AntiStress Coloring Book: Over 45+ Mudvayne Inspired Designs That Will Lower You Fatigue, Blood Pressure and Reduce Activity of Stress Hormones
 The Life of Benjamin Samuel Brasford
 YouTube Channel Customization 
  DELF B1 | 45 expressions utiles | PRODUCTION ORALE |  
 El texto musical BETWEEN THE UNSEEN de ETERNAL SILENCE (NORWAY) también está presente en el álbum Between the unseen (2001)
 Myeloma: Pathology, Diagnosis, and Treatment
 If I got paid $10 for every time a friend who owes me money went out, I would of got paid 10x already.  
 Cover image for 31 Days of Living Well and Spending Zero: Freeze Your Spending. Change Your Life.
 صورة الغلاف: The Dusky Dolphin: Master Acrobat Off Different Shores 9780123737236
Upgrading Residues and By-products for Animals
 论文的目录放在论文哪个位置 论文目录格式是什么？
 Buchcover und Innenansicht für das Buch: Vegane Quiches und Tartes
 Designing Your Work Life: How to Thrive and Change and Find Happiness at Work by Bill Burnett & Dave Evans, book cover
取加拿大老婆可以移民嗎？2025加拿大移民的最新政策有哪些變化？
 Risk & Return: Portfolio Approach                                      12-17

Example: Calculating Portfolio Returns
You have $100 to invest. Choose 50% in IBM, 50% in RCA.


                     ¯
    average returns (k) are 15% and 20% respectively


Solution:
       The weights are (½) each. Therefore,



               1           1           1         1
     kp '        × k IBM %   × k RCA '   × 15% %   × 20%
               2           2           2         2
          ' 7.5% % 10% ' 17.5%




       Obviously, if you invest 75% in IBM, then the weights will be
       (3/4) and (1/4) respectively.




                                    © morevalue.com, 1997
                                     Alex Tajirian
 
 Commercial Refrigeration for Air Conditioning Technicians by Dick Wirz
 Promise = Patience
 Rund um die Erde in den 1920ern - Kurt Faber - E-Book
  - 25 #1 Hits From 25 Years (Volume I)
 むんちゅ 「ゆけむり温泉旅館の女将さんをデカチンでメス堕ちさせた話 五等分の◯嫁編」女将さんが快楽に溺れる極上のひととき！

━━━━━━━━

■ **Problem requirements**: All lines of the material that contain the string "respectively" are to be copied.

■ **Written answer**:
    average returns (k) are 15% and 20% respectively
       (3/4) and (1/4) respectively.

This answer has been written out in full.